┌─ THE DATA

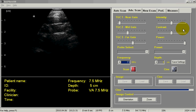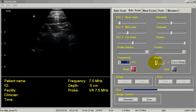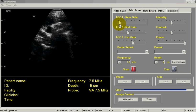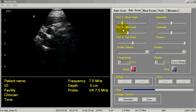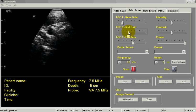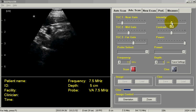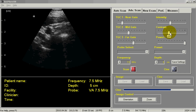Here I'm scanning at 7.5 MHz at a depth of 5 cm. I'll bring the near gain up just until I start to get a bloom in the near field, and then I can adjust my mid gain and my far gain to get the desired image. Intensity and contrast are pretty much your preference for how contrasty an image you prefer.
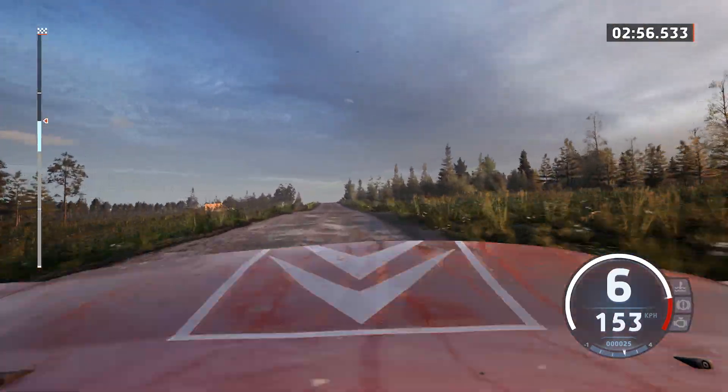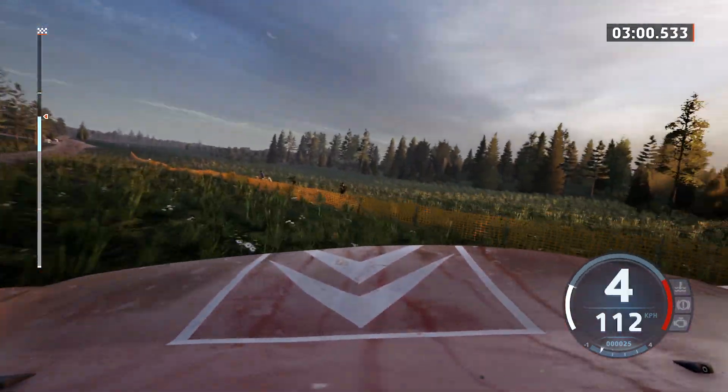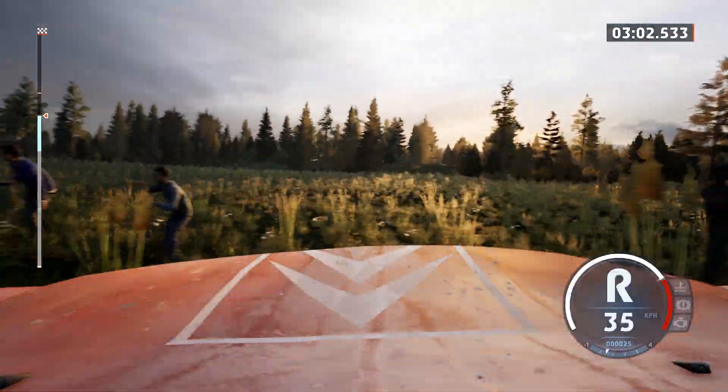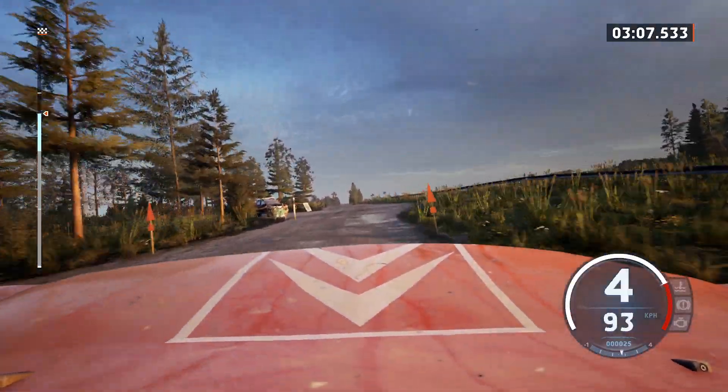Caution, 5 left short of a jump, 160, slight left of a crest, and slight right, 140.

└─
┌─ THE DATA

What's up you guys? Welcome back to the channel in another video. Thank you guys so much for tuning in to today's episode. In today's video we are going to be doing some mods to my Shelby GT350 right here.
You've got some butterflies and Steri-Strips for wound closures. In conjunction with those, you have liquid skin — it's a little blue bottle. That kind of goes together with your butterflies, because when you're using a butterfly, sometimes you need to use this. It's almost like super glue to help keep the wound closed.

└─

● **WHAT IS EXPECTED**
For the lines above, output exactly those from the line containing "What's up you" through the line containing "You've got some", and skip the others.

● **RESULT OF THE TASK**
What's up you guys? Welcome back to the channel in another video. Thank you guys so much for tuning in to today's episode. In today's video we are going to be doing some mods to my Shelby GT350 right here.
You've got some butterflies and Steri-Strips for wound closures. In conjunction with those, you have liquid skin — it's a little blue bottle. That kind of goes together with your butterflies, because when you're using a butterfly, sometimes you need to use this. It's almost like super glue to help keep the wound closed.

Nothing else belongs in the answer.